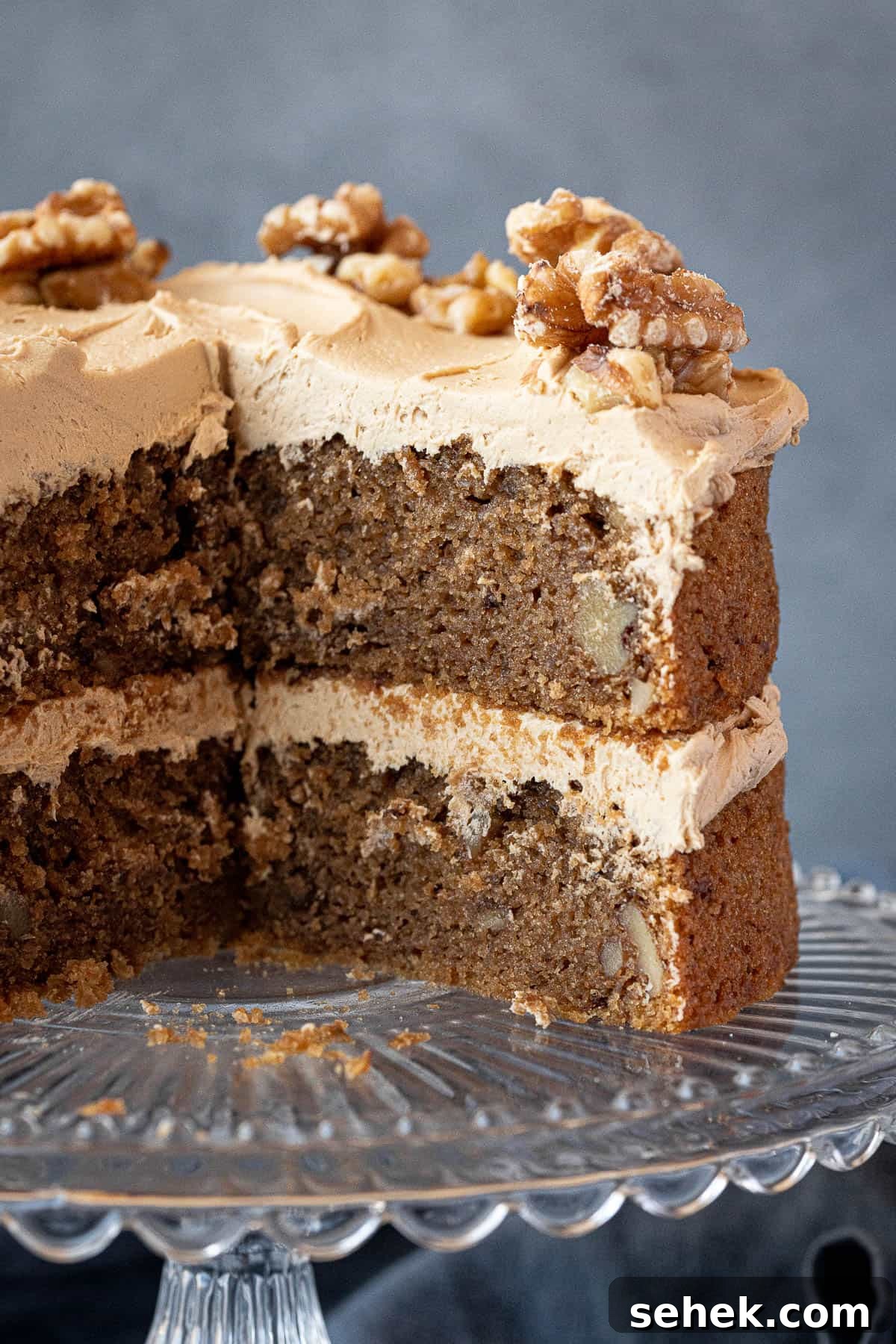 Vegan Gluten-Free Coffee and Walnut Cake Recipe 4 A close up of the sliced cake.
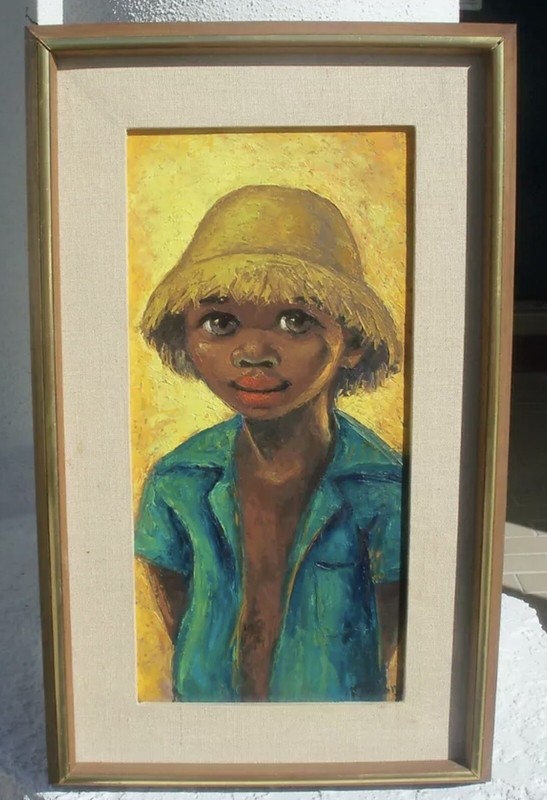 7×15 ORIGINAL HAITI HAITIAN ART PAINTING BY LATE CAROL THEARD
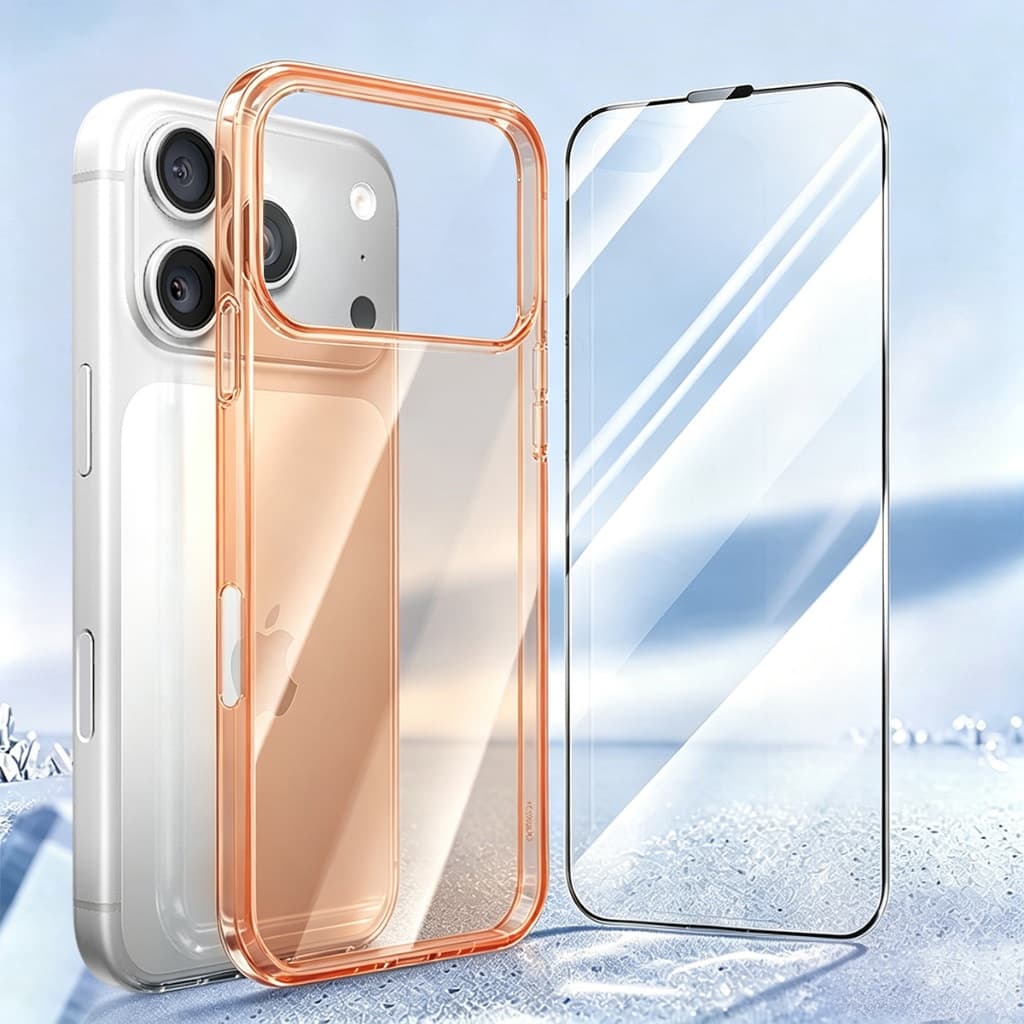 Kit Capinha Transparente + Película Anti Impacto iPhone 17 16 15 14 13 12  Ideal para Você Personalizar do Seu Jeito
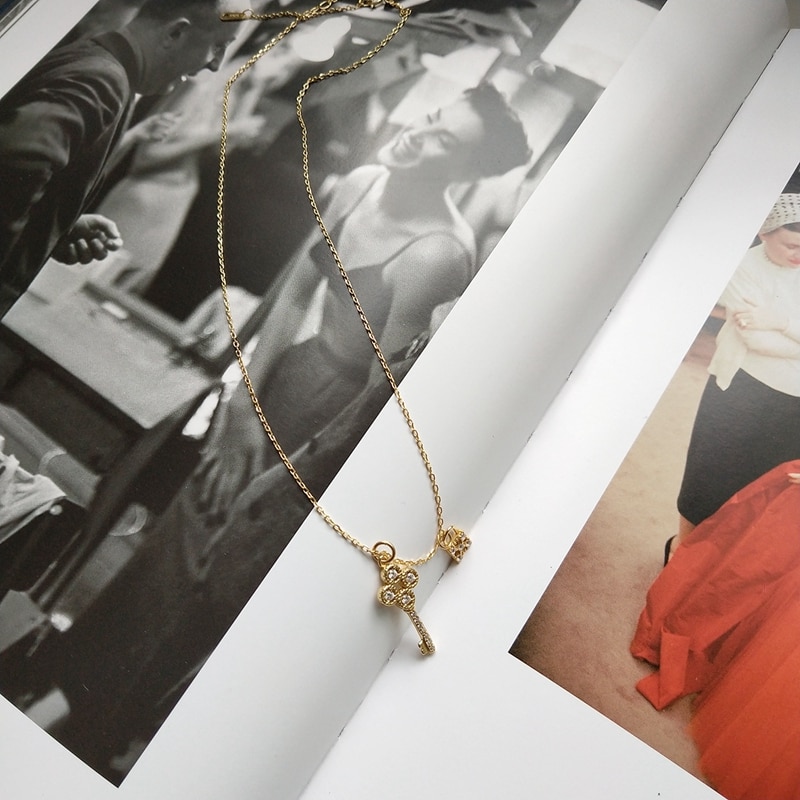 925 sterling silver lock pendant necklace gold wild lock key necklace for women key jewelry silver for charms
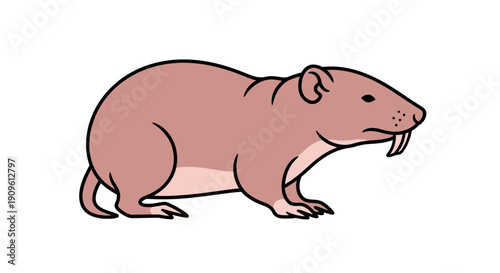 Illustration of a naked mole rat with distinct large teeth and wrinkled skin.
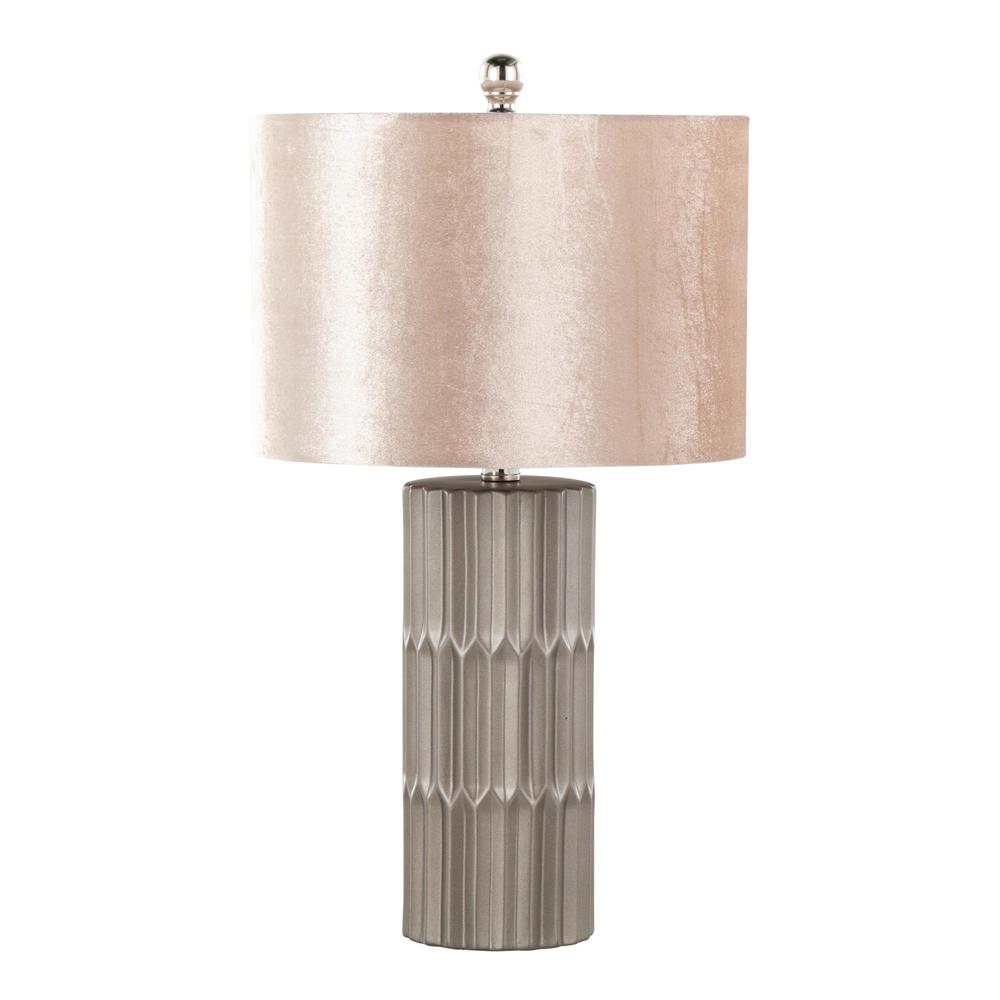 Brown & Brown Metallic Ceramic, Champagne Shade Tania 22" Ceramic Table Lamp. Picture 1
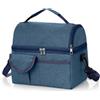 Lkw Ogechi Borsa Da Pranzo Isolata Per Pranzo Isolata a Doppio Strato 8.4 Litri, Borsa Termica Porta Pranzo con Portabevande e 2 Scomparti Cerniera, Borse da Termica con Tracolla Regolabile, Blu Navy
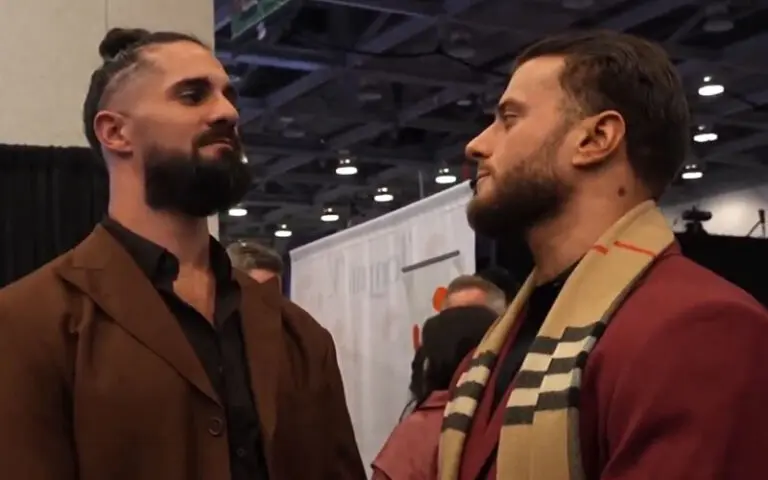 MJF and Seth Rollins Come Face-to-Face at Super Bowl Event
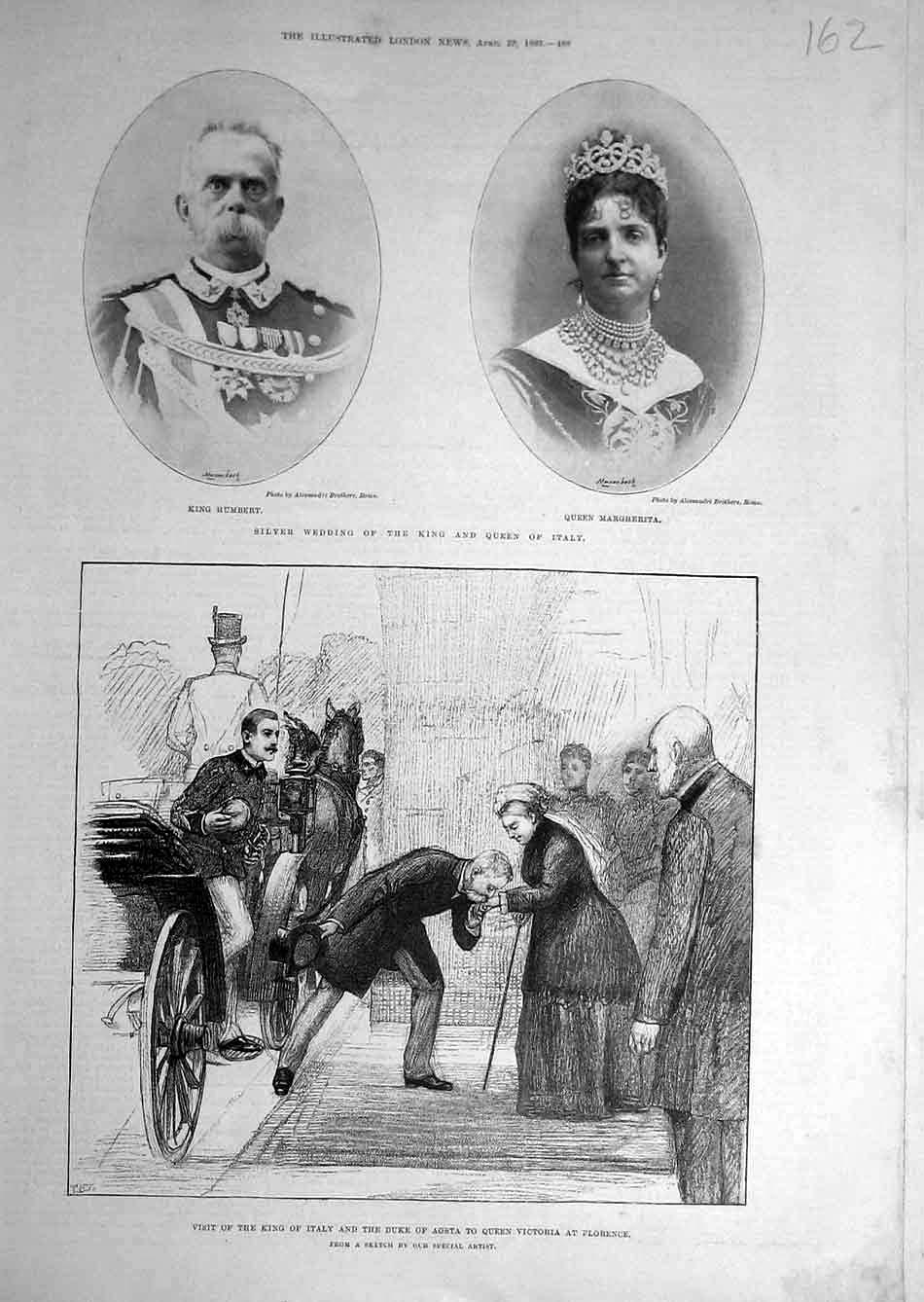 Original Old Antique Print 1893 King Queen Italy Aosta Florence Victoria 19th
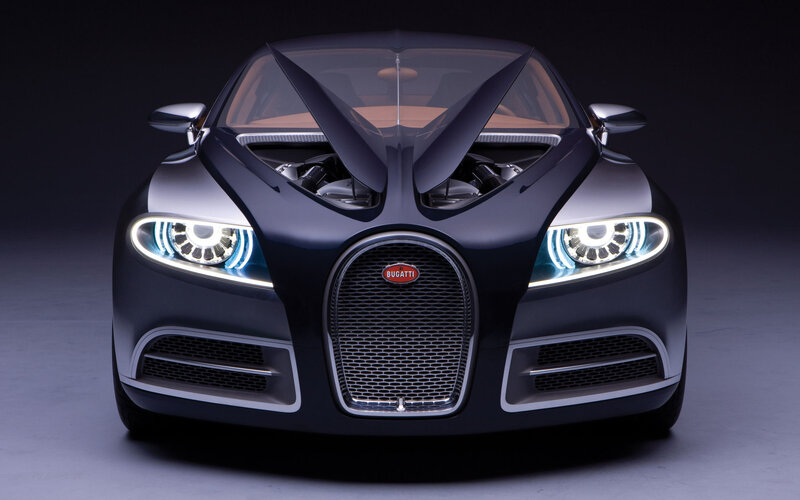 Bugatti Concept Car — Black, Dramatic, Photograph, Headlights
======
• _Your task_: Your copy should consist only of the lines from the one containing "Lkw Ogechi Borsa" through the last line of the entries above, reproduced exactly, without pictures.

• _Result_:
 Lkw Ogechi Borsa Da Pranzo Isolata Per Pranzo Isolata a Doppio Strato 8.4 Litri, Borsa Termica Porta Pranzo con Portabevande e 2 Scomparti Cerniera, Borse da Termica con Tracolla Regolabile, Blu Navy
 MJF and Seth Rollins Come Face-to-Face at Super Bowl Event
 Original Old Antique Print 1893 King Queen Italy Aosta Florence Victoria 19th
 Bugatti Concept Car — Black, Dramatic, Photograph, Headlights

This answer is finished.